I am unsure how to reintroduce my protein powders. Before my Whole30 I used to drink 1-2 servings every day.  (only as a meal replacement or immediate post-workout) I have two different protein powders (both whey protein), one is Isagenix brand strawberry cream, and the other is Muscle Sport brand lean whey revolution chocolate flavor- my favorite (also has added fat burner).
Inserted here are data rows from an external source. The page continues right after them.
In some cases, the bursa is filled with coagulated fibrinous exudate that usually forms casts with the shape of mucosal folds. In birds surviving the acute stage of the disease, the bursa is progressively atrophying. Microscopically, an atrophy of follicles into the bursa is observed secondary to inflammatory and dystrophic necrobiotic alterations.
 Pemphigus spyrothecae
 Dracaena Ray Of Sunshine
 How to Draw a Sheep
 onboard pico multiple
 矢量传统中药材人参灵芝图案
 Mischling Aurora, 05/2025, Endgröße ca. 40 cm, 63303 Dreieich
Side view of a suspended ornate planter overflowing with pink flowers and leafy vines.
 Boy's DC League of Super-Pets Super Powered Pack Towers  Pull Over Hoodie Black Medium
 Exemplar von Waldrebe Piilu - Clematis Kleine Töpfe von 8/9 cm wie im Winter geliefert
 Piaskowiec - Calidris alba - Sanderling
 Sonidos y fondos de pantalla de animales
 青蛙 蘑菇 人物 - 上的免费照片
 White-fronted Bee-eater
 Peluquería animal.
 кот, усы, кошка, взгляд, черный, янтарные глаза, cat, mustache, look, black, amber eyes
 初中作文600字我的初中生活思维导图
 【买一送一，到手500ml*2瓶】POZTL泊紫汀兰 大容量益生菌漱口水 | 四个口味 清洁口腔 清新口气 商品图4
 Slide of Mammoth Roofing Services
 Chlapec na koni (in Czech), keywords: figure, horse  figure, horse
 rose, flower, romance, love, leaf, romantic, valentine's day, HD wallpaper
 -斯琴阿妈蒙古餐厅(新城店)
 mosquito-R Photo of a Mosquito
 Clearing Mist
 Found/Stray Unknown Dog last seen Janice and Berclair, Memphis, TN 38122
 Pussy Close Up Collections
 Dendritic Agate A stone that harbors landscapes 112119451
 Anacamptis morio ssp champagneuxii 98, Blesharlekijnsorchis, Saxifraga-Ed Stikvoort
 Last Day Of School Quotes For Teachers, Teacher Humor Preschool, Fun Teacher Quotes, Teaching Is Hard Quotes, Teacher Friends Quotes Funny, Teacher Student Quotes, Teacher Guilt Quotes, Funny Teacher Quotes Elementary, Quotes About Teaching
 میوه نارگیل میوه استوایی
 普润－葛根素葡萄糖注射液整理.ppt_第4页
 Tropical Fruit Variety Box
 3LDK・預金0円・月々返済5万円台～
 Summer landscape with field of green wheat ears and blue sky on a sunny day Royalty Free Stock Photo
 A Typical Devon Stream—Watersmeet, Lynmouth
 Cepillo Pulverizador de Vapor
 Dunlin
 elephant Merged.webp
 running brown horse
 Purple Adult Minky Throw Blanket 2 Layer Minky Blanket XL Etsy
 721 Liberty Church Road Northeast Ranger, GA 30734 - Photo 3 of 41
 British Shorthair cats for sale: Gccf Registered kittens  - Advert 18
Here are the fist few ingredients of each protein powder even though the list is way longer...

 

Isagenix strawberry cream: whey protein concentrate (undenatured), milk protein concentrate (undenatured), low heat nonfat dry milk, isomaltooligosaccharide powder, fructose, sunflower oil powder, olive oil powder, tapioca maltodextrin, flax seed powder, xanthan gum, triglyceride oil powder

 

Muscle Sport lean whey revolution chocolate: fibersol 2, maltodextrin, tauric acid, glycocarn, l-carnatine tartrate, lecithin, whey protein isolate, hydrolyzed whey protein peptides, cocoa, cellulose gum, xanthan gum, carrageenan gum, lactase, bromelein, sucralose

 

 

I was wondering your thoughts on these (are they "healthy" or are there harmful chemicals in them compared to other protein powders? etc.)

 

How and when would you recommend re-introducing them? (In their own re-intro category, in the dairy re-intro category, etc.)

 

Thank you!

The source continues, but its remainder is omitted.